(Web page caption snippets)
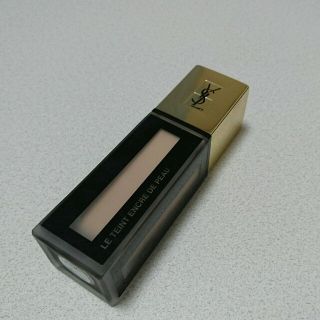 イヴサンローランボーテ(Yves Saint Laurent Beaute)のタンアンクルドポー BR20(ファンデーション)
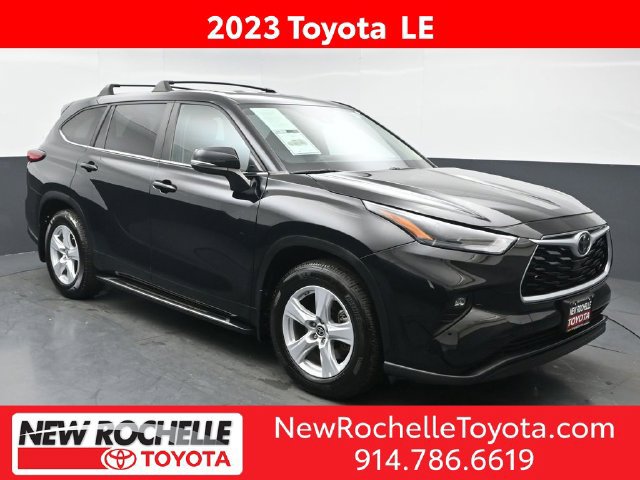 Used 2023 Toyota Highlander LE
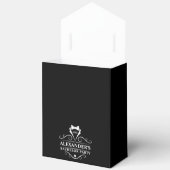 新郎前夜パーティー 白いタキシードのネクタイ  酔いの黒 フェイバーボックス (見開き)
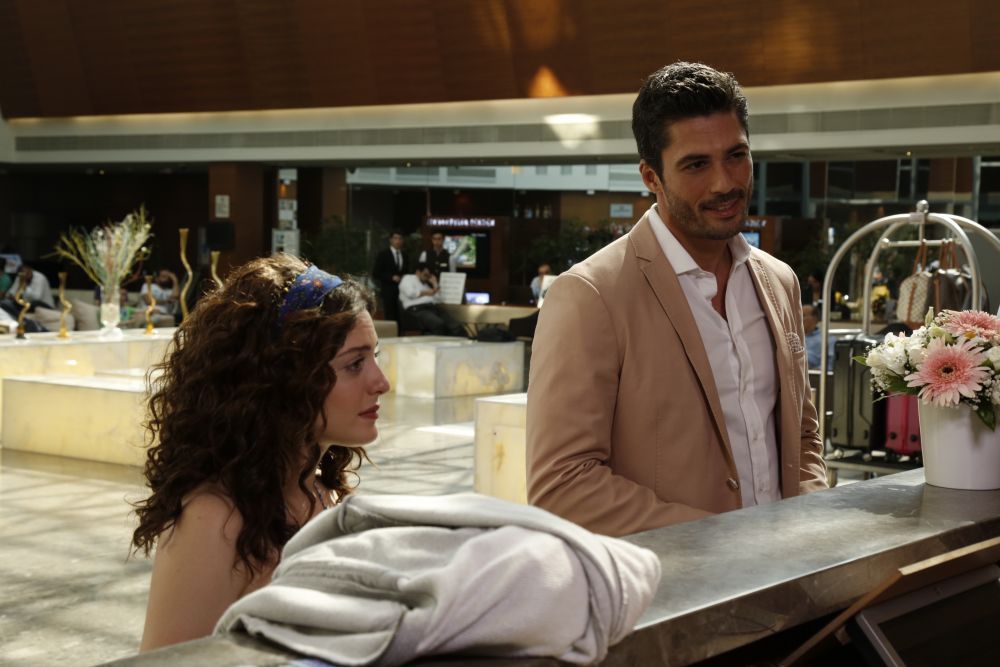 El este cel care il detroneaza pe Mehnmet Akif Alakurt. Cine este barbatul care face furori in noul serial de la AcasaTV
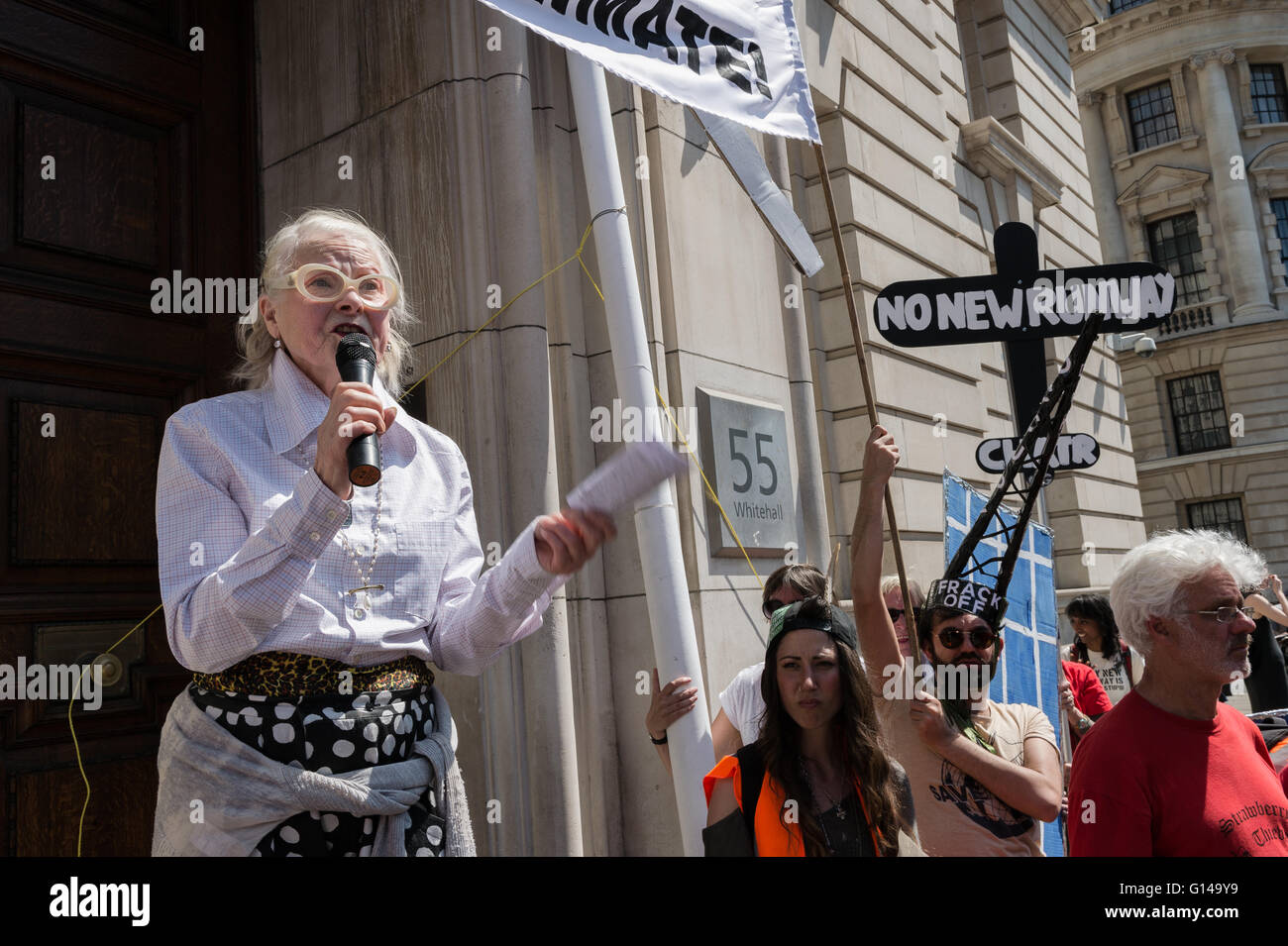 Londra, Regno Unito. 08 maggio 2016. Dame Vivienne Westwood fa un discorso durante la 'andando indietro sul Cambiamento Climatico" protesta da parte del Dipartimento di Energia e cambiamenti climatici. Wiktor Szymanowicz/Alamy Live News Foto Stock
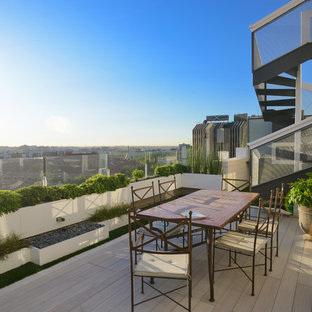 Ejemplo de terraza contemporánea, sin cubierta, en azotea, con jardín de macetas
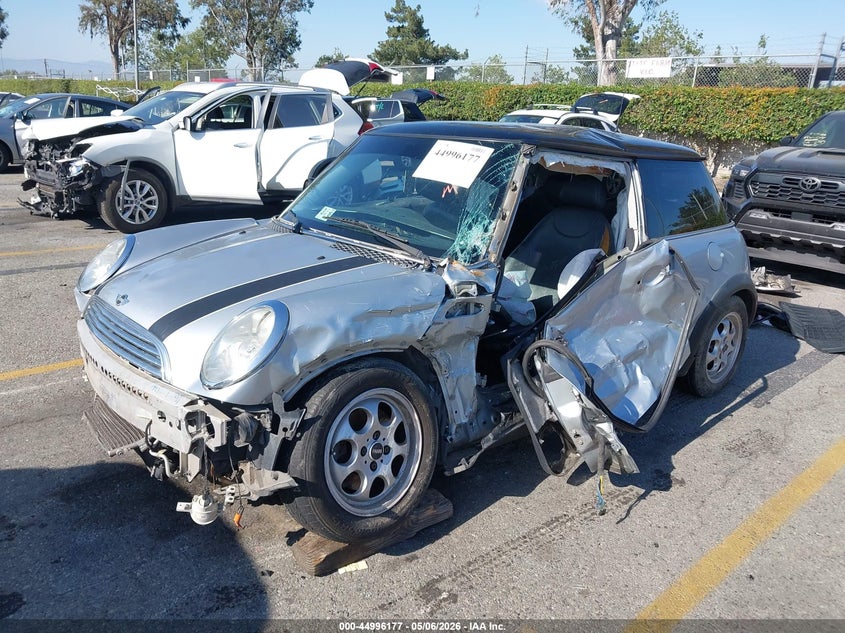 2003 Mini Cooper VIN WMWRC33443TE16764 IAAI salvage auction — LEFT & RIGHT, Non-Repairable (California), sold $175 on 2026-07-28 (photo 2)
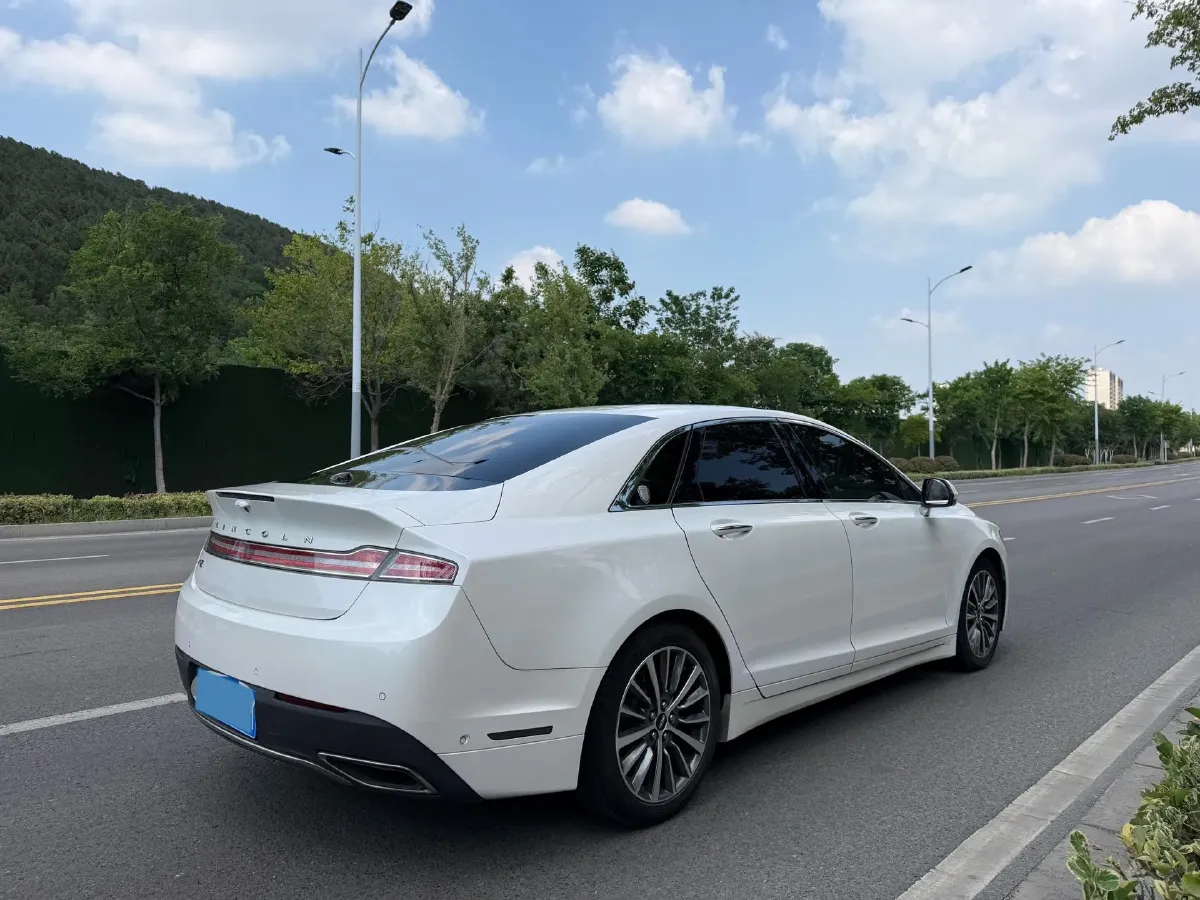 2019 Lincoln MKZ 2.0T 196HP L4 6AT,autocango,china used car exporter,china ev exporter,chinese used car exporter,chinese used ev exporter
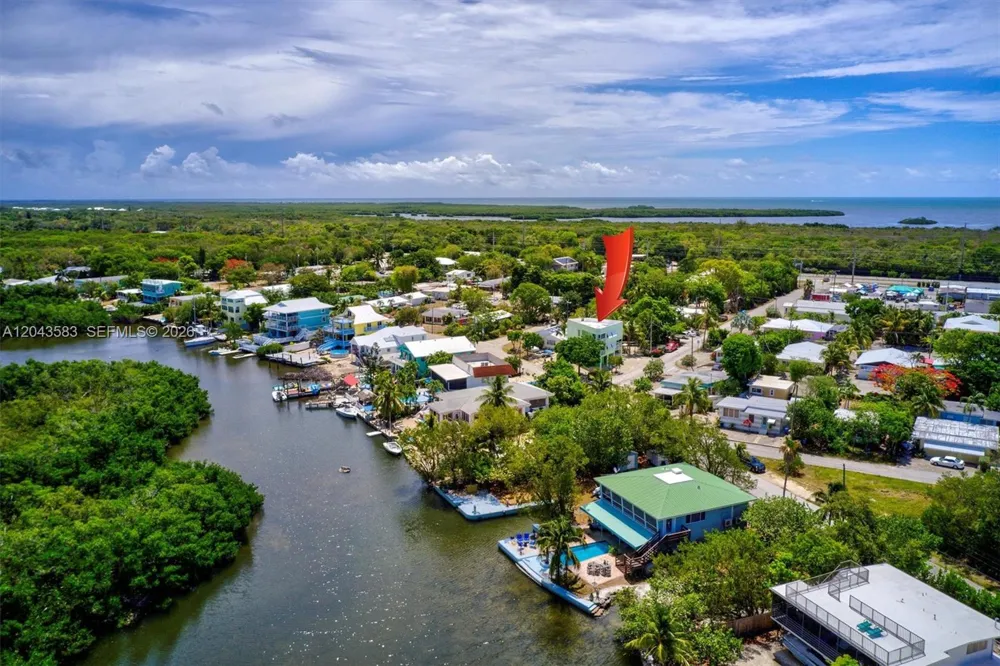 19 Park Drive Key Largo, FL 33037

* **Assignment**
Output exactly the lines from the one containing "Londra, Regno Unito." through the last line of the records above, both included, and leave out the pictures.

* **Response box**
 Londra, Regno Unito. 08 maggio 2016. Dame Vivienne Westwood fa un discorso durante la 'andando indietro sul Cambiamento Climatico" protesta da parte del Dipartimento di Energia e cambiamenti climatici. Wiktor Szymanowicz/Alamy Live News Foto Stock
 Ejemplo de terraza contemporánea, sin cubierta, en azotea, con jardín de macetas
 2003 Mini Cooper VIN WMWRC33443TE16764 IAAI salvage auction — LEFT & RIGHT, Non-Repairable (California), sold $175 on 2026-07-28 (photo 2)
 2019 Lincoln MKZ 2.0T 196HP L4 6AT,autocango,china used car exporter,china ev exporter,chinese used car exporter,chinese used ev exporter
 19 Park Drive Key Largo, FL 33037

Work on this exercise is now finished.